Records to use START

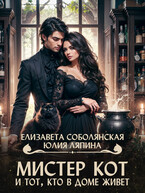 Мистер Кот и тот, кто в доме живет (Елизавета Соболянская)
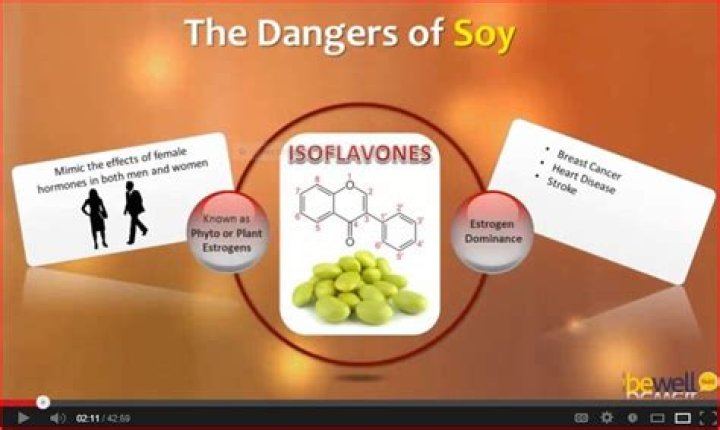 What are the dangers of soy?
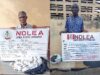 Two octogenarians arrested over drug trafficking in Abia, Ekiti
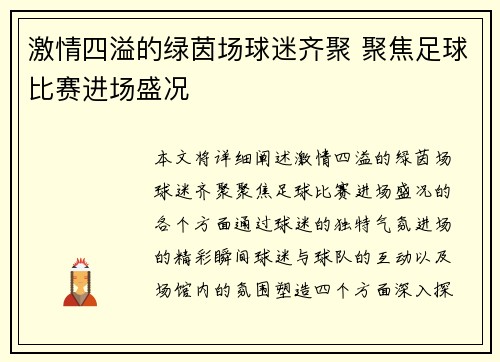 激情四溢的绿茵场球迷齐聚 聚焦足球比赛进场盛况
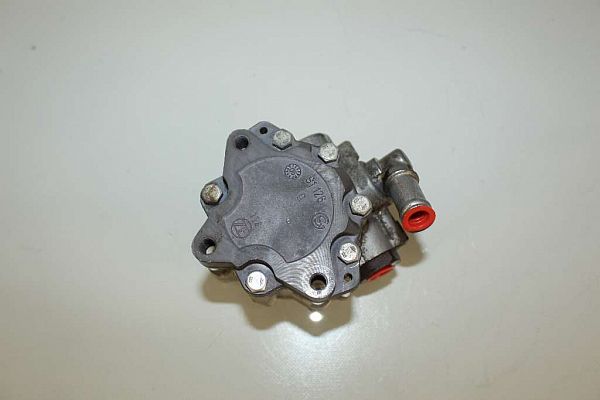 Servopumpe AUDI A6 Avant (4F5, C6)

Records to use END

* What you will do
The material should be duplicated word for word, with no images included.

* Answer below
 Мистер Кот и тот, кто в доме живет (Елизавета Соболянская)
 What are the dangers of soy?
 Two octogenarians arrested over drug trafficking in Abia, Ekiti
 激情四溢的绿茵场球迷齐聚 聚焦足球比赛进场盛况
 Servopumpe AUDI A6 Avant (4F5, C6)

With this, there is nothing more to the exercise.